Referring now to the drawings and initially to FIG. 1, there is shown a miniature circuit breaker 10 that includes a bimetal assembly 12 attached to a load terminal 25 at a load end of the bimetal assembly 12 and to a yoke 20 at a free end of the bimetal assembly 12 on a first side of the bimetal assembly 12. The other side of the bimetal assembly 12 at the free end is attached to a flexible pigtail conductor 22 such that both bimetals in the bimetal assembly 12 are directly heated by the attached pigtail conductor 22. These details are more clearly shown in the figures that follow. By “miniature,” it is meant that the overall width of the circuit breaker is about 1 inch or smaller, preferably about ⅜ inch. According to an aspect of the present invention, the miniature circuit breaker 10 is a half-size or tandem circuit breaker in which two poles fit into the same amount of available space without sacrificing the ampere rating, protection, or features compared to a standard miniature circuit breaker. For ease of illustration, some components of a circuit breaker are omitted or not described, however, these components, which may be found in the QO® or Homeline® miniature circuit breakers available from Square D Company, are not necessary for an understanding of aspects of the present invention. The miniature circuit breaker 10 has a relatively low amperage rating, from 10 A to 150 A.

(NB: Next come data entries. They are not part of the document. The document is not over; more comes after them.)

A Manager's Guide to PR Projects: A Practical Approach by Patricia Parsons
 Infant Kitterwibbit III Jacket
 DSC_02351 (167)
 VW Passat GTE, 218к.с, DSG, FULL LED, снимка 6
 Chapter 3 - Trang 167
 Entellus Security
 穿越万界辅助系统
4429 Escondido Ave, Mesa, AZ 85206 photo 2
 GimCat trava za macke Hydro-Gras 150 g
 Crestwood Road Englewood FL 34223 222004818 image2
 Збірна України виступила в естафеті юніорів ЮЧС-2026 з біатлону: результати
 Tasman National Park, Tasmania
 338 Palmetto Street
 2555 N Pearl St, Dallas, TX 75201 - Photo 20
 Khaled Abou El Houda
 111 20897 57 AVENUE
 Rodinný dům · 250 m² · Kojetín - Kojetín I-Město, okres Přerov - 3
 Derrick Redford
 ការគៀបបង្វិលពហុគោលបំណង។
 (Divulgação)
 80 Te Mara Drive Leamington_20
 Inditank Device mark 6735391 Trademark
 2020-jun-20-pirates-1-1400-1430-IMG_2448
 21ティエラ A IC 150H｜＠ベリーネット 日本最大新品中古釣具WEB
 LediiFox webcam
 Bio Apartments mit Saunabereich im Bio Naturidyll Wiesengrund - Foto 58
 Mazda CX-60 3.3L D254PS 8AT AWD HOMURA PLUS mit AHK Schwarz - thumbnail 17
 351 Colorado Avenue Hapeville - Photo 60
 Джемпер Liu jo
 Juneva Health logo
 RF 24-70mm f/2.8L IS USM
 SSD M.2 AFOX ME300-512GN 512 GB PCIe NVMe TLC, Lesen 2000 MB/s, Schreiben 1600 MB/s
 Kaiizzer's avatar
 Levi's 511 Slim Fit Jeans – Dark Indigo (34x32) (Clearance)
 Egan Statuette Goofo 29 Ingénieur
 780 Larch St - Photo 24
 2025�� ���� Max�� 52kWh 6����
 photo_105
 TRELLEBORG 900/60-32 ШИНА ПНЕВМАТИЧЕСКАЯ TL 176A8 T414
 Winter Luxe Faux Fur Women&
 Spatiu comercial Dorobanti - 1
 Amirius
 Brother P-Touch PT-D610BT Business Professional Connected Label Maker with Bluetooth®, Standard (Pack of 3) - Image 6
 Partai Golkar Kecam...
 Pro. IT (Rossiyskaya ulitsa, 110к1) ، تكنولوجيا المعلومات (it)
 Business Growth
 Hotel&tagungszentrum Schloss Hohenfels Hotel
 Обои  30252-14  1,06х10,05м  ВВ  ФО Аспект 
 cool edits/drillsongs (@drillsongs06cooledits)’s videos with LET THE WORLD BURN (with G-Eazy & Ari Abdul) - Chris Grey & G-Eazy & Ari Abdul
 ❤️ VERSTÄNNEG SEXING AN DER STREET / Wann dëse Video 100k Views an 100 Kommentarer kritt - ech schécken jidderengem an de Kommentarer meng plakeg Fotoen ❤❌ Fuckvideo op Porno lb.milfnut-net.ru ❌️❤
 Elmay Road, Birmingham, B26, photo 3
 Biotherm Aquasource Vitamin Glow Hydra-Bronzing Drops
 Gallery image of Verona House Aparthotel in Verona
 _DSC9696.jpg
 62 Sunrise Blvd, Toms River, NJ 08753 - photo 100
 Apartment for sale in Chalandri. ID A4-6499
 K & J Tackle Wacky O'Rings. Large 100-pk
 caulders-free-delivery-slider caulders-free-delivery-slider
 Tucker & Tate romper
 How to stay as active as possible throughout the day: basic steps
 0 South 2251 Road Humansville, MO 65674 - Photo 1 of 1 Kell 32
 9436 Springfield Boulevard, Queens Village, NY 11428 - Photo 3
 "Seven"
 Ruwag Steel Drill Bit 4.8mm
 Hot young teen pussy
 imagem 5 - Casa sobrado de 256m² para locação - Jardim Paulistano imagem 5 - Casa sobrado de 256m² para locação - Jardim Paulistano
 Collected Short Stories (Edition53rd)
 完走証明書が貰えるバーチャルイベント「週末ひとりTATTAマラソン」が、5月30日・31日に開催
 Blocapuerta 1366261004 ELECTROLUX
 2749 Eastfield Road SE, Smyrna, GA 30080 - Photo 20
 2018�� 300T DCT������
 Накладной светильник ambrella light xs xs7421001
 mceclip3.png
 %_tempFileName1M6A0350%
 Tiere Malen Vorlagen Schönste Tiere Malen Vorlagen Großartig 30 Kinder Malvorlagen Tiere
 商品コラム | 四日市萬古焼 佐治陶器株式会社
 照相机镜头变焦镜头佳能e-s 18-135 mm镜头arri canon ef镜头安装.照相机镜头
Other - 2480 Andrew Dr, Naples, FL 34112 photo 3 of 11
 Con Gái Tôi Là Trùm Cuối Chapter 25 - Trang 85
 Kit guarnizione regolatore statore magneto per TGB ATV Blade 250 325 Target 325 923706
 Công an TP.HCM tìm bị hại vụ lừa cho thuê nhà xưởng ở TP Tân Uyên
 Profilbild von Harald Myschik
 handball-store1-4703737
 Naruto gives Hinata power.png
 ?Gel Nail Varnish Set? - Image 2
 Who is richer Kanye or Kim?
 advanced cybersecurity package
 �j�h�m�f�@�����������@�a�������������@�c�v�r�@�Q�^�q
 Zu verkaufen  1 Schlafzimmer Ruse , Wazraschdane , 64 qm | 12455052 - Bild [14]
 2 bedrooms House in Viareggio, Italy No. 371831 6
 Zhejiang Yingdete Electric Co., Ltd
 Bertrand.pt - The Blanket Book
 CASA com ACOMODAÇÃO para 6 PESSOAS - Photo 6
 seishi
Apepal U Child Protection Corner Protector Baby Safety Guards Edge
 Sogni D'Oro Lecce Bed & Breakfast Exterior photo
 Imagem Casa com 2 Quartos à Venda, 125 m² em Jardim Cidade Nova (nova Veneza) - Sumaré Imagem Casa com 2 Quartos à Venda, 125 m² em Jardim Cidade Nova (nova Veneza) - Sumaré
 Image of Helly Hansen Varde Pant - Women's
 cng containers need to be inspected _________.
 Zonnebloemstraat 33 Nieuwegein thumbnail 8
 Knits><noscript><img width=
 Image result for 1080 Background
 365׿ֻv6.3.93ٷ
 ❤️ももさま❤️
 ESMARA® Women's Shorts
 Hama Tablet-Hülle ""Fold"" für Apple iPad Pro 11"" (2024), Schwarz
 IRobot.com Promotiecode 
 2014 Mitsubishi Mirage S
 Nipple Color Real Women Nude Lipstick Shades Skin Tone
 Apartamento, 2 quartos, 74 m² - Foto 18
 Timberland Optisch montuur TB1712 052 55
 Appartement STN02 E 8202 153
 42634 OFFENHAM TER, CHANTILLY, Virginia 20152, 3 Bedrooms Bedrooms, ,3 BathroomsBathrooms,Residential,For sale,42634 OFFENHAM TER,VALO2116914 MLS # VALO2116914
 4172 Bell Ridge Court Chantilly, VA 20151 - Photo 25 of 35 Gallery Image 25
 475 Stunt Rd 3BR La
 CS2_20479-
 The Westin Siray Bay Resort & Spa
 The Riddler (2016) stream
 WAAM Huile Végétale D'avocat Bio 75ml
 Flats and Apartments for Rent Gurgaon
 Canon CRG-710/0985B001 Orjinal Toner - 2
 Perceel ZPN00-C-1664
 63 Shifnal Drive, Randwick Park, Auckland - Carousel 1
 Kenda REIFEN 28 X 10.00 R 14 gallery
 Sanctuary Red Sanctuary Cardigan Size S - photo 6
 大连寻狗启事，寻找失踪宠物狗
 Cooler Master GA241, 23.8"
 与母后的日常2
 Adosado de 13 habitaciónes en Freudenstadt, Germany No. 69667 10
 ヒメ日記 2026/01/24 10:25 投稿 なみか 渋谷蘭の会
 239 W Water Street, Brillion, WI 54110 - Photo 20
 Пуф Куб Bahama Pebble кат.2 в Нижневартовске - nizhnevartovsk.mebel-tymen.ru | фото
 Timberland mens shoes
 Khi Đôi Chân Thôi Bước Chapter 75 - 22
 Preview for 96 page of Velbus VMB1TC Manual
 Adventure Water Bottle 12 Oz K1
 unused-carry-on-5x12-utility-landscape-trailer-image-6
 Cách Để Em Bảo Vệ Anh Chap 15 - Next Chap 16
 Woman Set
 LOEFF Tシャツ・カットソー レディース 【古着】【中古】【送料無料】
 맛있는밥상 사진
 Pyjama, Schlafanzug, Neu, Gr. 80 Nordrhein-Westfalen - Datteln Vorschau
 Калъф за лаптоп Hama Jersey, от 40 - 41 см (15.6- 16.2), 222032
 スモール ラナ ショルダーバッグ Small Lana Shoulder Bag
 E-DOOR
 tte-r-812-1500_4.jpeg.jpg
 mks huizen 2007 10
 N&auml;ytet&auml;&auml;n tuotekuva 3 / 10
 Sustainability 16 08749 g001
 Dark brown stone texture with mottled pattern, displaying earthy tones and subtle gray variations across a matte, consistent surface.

The stacked arrangement of the bimetals according to aspects of the present invention allow the width of the bimetals to be reduced while maintaining the same overall cross-sectional area, compared to a single bimetal having a larger width, commensurate with the reduction and the same thickness. Bimetal flexibility is highly dependent upon thickness. The thicker the material, the less deflection will occur for a given temperature rise. The stacked arrangement allows the bimetals to retain their original thickness while maintaining the same overall cross-sectional area and the same flexibility compared to a single bimetal and producing the same force during bending movements to overcome the latch force during tripping.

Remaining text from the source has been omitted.